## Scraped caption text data
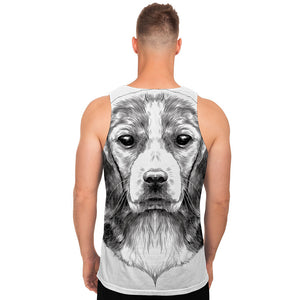 Black And White Drawing Beagle Print Men's Tank Top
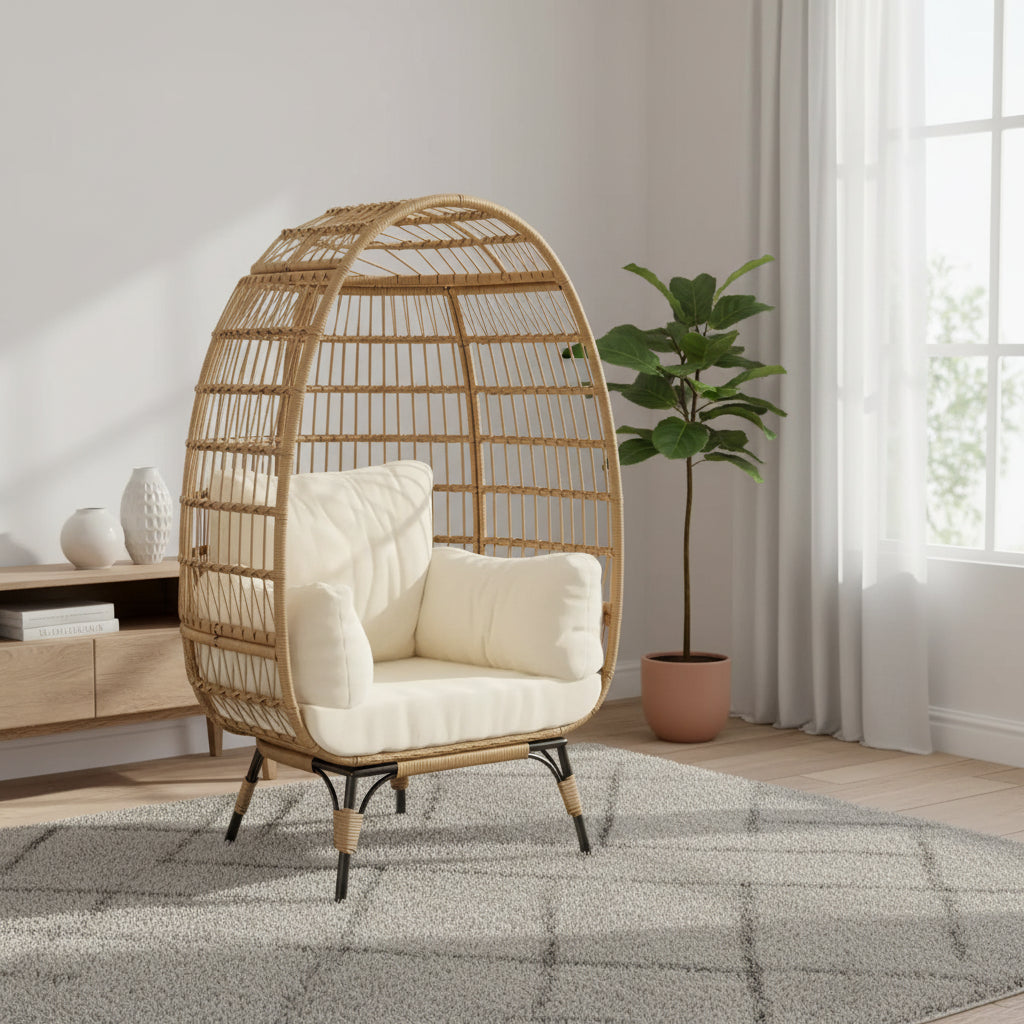 Oversize Wicker Egg Chair, Comfortable Wicker Patio Lounge with Sturdy Frame, Modern Egg-Shaped Design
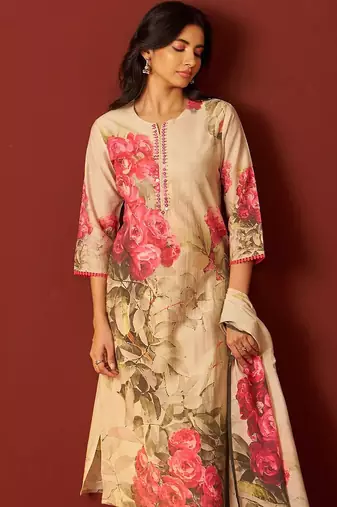 Floral Printed Notch-Neck Straight Kurta With Trousers And Dupatta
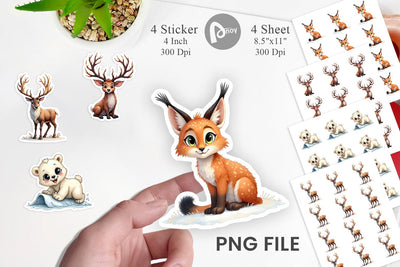 Sticker Enchanted Winter Forest & Arctic Friends Sublimation artnoy 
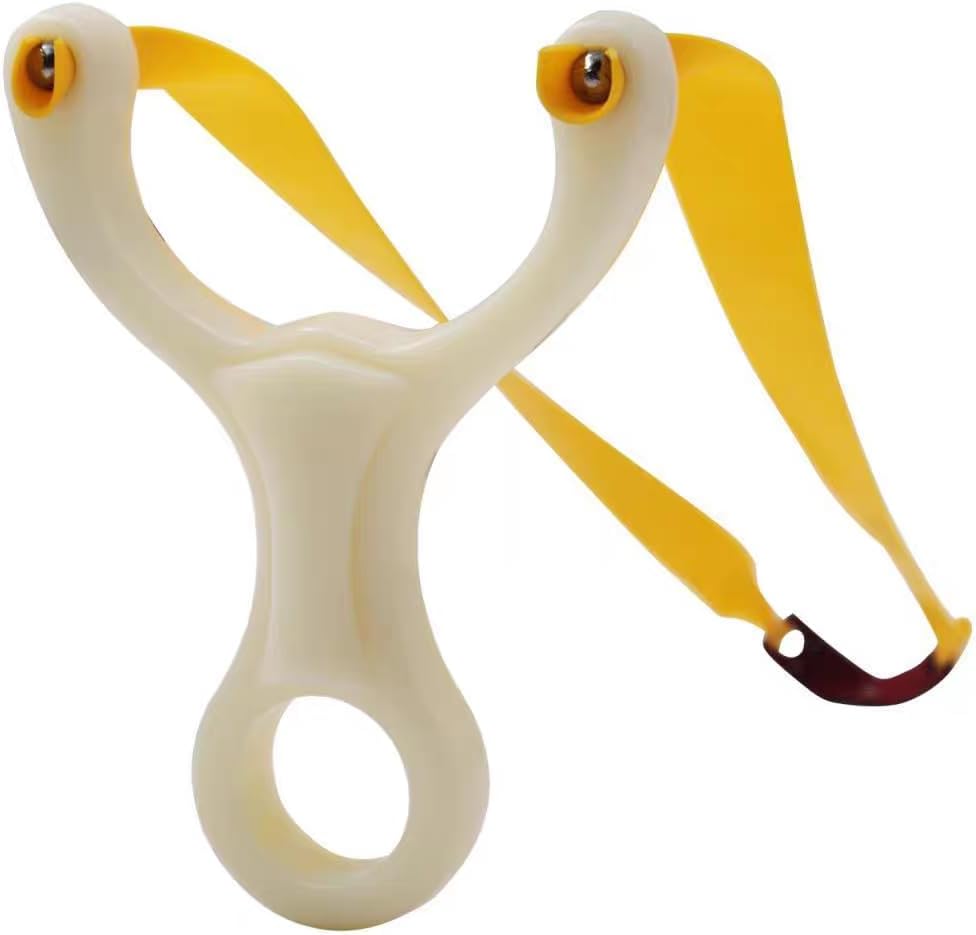 Plastic Slingshot with Green Elastic Bands and Ring Handle, Outdoor Target Shooting Catapult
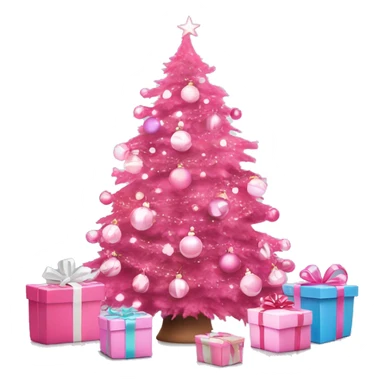 Pink Christmas tree with white Christmas lights and pink presents surrounding it sticker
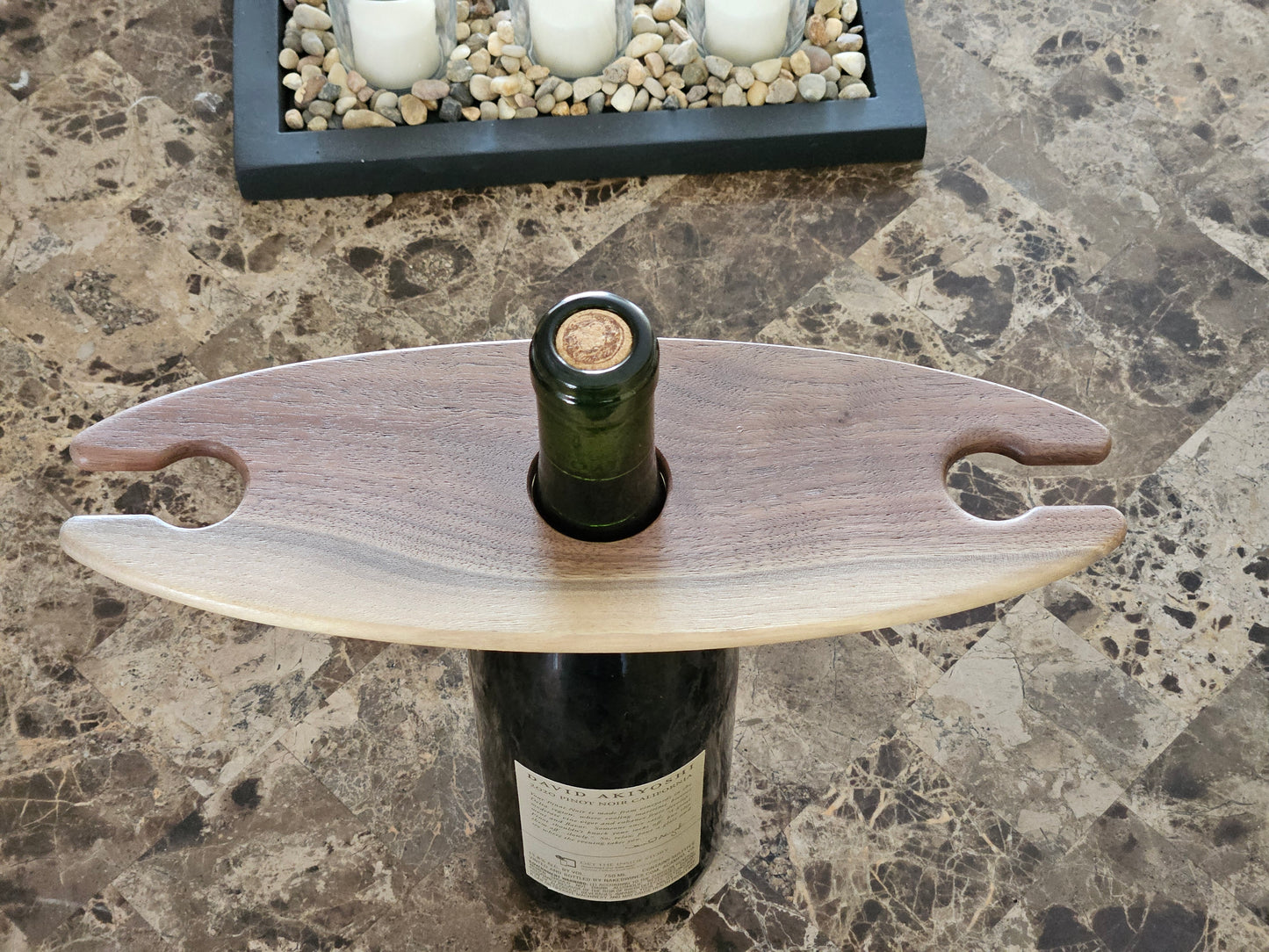 Solid Walnut Wine Caddy – Two-Glass Bottle Holder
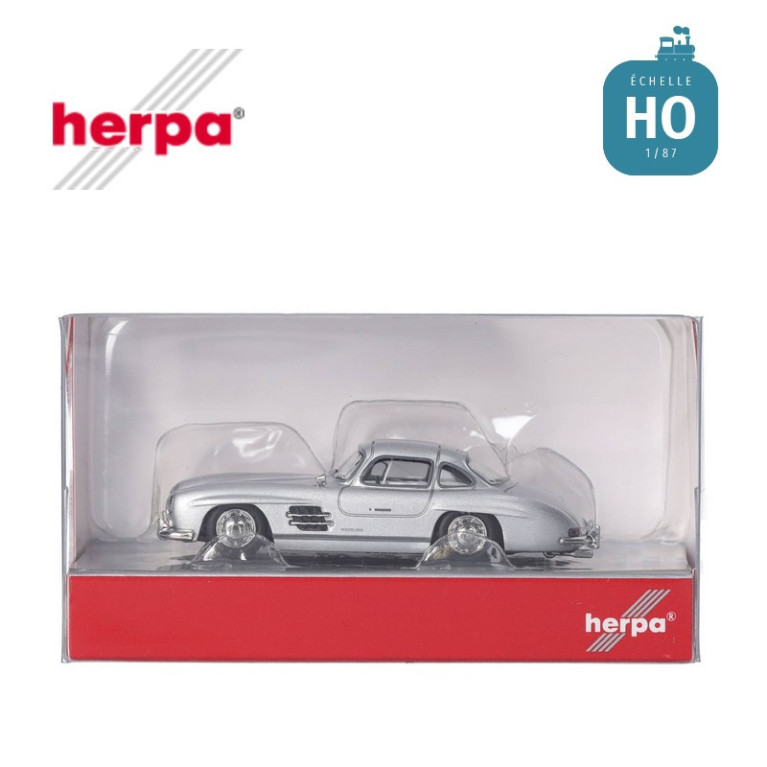 Voiture Mercedes-Benz 300 SL Gull Wing argent métallisé HO Herpa 430975 - Maketis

## PROMPT
Pictures stay out. Print the lines of the records above exactly, from the first through the one with "Sticker Enchanted Winter".

## RESPONSE TO THIS EXERCISE
 Black And White Drawing Beagle Print Men's Tank Top
 Oversize Wicker Egg Chair, Comfortable Wicker Patio Lounge with Sturdy Frame, Modern Egg-Shaped Design
 Floral Printed Notch-Neck Straight Kurta With Trousers And Dupatta
 Sticker Enchanted Winter Forest & Arctic Friends Sublimation artnoy 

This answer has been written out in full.